_Work required_.
Transcribe, word for word and with nothing extra, the line containing "Solo 651-38 hand" and each line that comes after it in the entries.

(Records drawn from a dataset)
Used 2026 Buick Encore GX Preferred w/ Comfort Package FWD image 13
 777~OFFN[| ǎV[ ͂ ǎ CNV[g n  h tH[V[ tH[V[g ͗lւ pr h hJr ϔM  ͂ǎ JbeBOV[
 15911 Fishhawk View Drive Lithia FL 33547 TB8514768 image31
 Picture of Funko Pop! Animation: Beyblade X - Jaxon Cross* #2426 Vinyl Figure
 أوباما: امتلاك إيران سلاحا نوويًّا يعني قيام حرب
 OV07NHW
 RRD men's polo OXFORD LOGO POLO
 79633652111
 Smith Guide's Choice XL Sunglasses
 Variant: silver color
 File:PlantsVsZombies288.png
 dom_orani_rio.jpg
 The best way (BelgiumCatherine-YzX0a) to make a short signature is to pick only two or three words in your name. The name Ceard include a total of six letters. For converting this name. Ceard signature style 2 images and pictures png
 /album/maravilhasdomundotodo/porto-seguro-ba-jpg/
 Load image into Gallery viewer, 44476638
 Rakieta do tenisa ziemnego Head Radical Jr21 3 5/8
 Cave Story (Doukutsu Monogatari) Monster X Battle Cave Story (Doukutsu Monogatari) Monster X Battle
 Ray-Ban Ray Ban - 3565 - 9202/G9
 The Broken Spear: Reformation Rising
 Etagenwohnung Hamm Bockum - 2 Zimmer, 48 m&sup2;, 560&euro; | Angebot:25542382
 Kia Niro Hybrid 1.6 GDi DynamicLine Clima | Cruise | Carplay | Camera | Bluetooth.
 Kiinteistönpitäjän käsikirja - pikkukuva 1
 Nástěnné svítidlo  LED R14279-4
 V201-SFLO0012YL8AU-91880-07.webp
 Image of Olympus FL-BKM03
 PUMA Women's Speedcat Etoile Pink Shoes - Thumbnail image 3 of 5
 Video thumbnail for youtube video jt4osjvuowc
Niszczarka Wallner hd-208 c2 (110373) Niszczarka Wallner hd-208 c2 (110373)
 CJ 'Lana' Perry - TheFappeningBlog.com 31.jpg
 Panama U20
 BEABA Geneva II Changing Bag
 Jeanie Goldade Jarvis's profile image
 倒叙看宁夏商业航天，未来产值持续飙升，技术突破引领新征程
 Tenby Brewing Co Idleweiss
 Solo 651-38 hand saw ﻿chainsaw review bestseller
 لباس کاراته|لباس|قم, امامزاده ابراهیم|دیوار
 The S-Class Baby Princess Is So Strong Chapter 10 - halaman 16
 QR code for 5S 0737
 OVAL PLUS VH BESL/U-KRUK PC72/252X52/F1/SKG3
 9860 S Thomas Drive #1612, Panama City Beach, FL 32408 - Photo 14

_Task response_.
 Solo 651-38 hand saw ﻿chainsaw review bestseller
 لباس کاراته|لباس|قم, امامزاده ابراهیم|دیوار
 The S-Class Baby Princess Is So Strong Chapter 10 - halaman 16
 QR code for 5S 0737
 OVAL PLUS VH BESL/U-KRUK PC72/252X52/F1/SKG3
 9860 S Thomas Drive #1612, Panama City Beach, FL 32408 - Photo 14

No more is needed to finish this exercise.